Thursday, August 26, 2004

08/26/04’s illustrious band:

River Shoes


Brought to you by the Belle Fourche River.


When I was in grade school and junior high, my best friend was a girl named Ann who lived on the block between my house and the park. Ann’s family owned a ranch in eastern Wyoming, where they spent a lot of time in the summer. Once I got over my distress at sleeping away from home, I was often invited to spend a few days out there with them.


Eastern Wyoming is prairie country. Cattle country. A place where buffalo once roamed and where deer and antelope still play. It’s brown, but a tough kind of beautiful once you get used to it. Ann’s family’s ranch spread over more than a thousand acres of windswept plain and hollow. Through the middle of it ran the Belle Fourche River.


The river was a playground for us in a way I think must be gone forever. The crossing nearest the house was less than a quarter-mile away, so we could walk right down the road and into the murky water with hardly a break in stride -- except for at the cattleguard, a section of road about six feet across that was replaced by a grate of metal tubing. Cattle were unlikely to brave the treacherous footing of the cattleguard, so a gap in the fence could be left open for easier access by one of the many beat-up pickup trucks Ann’s dad kept on hand for touring the property.


Anyway, we walked down to the river almost every summer day we were at the ranch. Since we lived just a block from the swimming pool in town, Ann and I had both had lessons since we could walk and were considered good enough swimmers to handle the mild current and relatively shallow water. But we were strongly advised not to go barefoot in the river for a variety of reasons: sharp rocks, slippery rocks, cow patties, snapping turtles, fishhooks, bits of metal liberated from the pickups by the rough terrain, and general muck, to name just a few.


Therefore, we needed river shoes. River shoes were any pair of retired tennis shoes that weren’t fit for much more than wading in the mud. Any tennis shoes we wore out during the school year were set aside to serve as river shoes and hauled from the back of the closet for trips to the ranch. Ann’s mom also kept a closet full of river shoes and cowboy boots for city-slicker guests who didn’t know enough to bring their own. We sometimes spent as much time sorting the shoes into pairs, trying them on and doling them out according to attractiveness as we did on our excursions to the river. Preteen friendships were broken and mended over the meting out of shoes; the ugly, holey, floppy pair meant you weren’t my friend today, but the not-so-old pair meant you were. If I offered to trade you a pair that fit for a pair that didn’t, we might be Best Friends for the whole day.

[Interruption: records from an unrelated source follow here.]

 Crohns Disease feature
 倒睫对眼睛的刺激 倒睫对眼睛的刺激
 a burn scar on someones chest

So we put on our river shoes and waded and swam and floated on inner tubes, seldom wearing sunscreen, almost never supervised unless Ann’s older sister and her friends were around to keep an eye out for us. Except for the snapping turtles and the fire ants that built their homes along the riverbank, we feared nothing. We probably should have, but we didn’t.


I no longer wade in rivers very often, but I still have river shoes. The ratty cross-trainers I save for mowing the lawn are still, in my mind, river shoes: battered, but still good for something.

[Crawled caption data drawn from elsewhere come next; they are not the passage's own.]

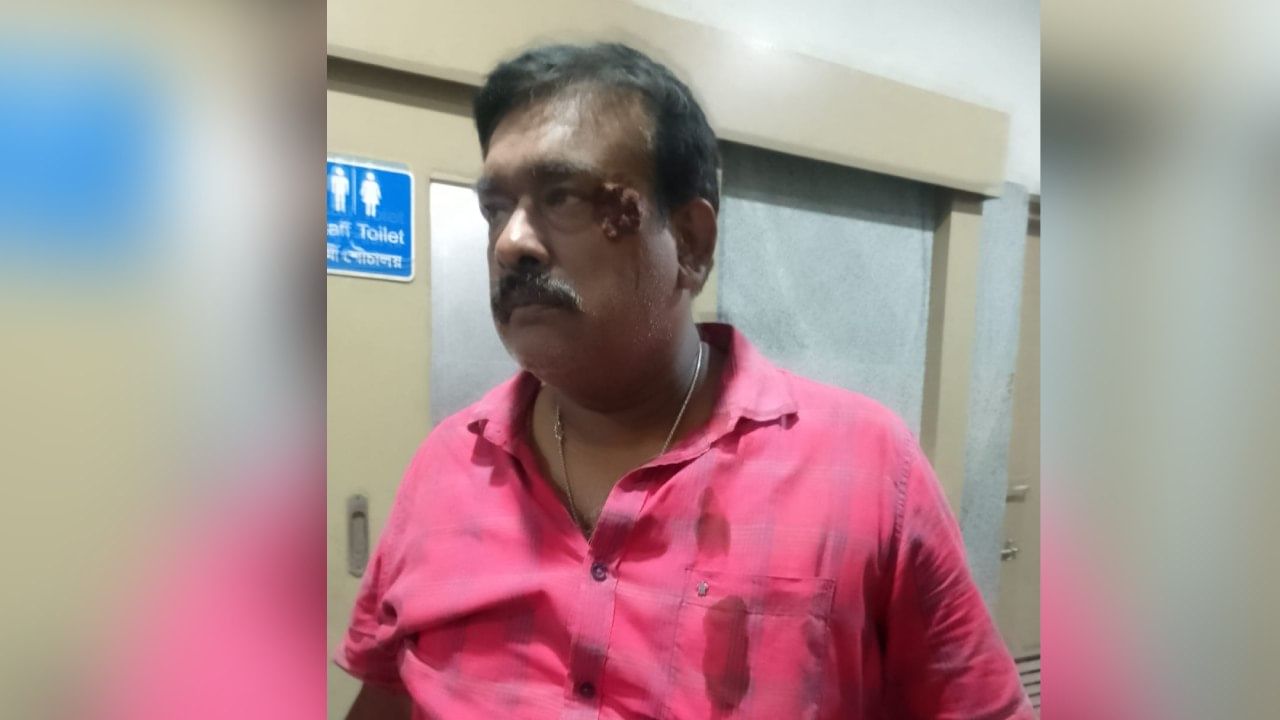 TMC: খাস কলকাতায় ফের শাসকদলের গোষ্ঠী কোন্দল? কান ফাটল কাউন্সিলরের TMC: খাস কলকাতায় ফের শাসকদলের গোষ্ঠী কোন্দল? কান ফাটল কাউন্সিলরের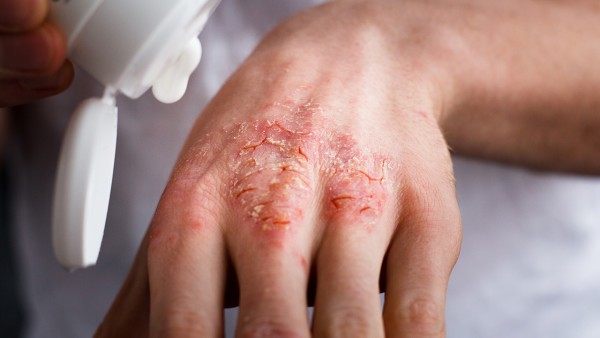 硼酸在治皮肤病中的妙用有哪些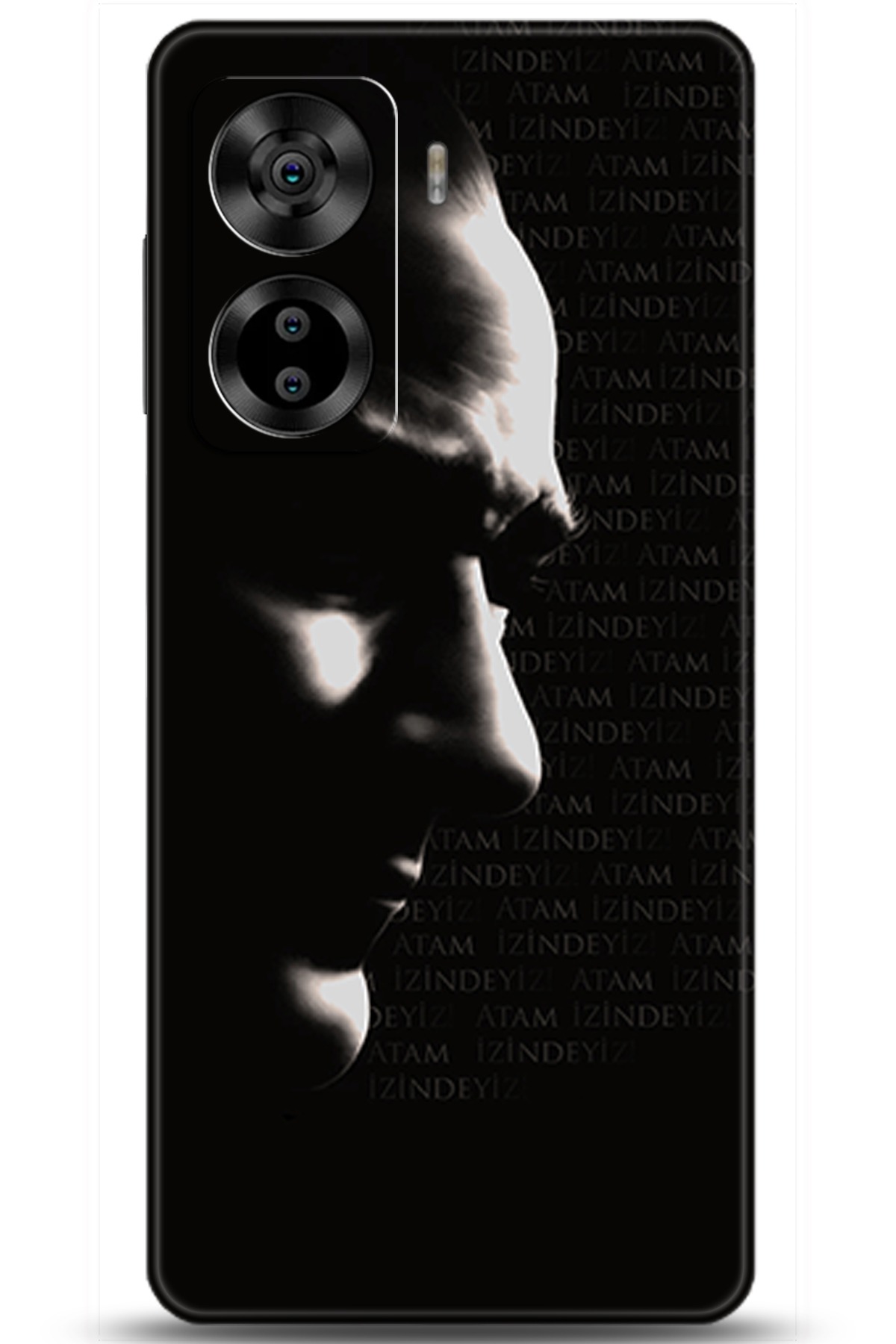 Casper Via X40 Uyumlu Kılıf HD Baskılı Kılıf - Followed Institution 5992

The ancient Birkenstocks under my bed are also river shoes. Mother Media, deploring their brokendown condition, has made me promise to throw them away numerous times, and has even bought me new sandals to replace them. But I can’t give them up; I just hide them when she comes over.


I wore those sandals the last time I waded in a river. I had recently split from my husband, was having a rough summer, and had gone home to the consoling arms of my parents for a few days. Dad took me to therapy with him, which meant he took me fishing. We talked about things while he cast his line for trout and I splashed around in icy Spearfish Creek, and I came home feeling cleansed and a little stronger for having bucked the current. Dad is gone now, but I still have the river shoes that helped me keep my footing that day and through the rocky year that followed. They’ll always smell of green grass, blue sky, and the endless afternoon of my father’s care.


Today around the world: August 26 is Women’s Equality Day here in the U.S. But I prefer to celebrate it every day.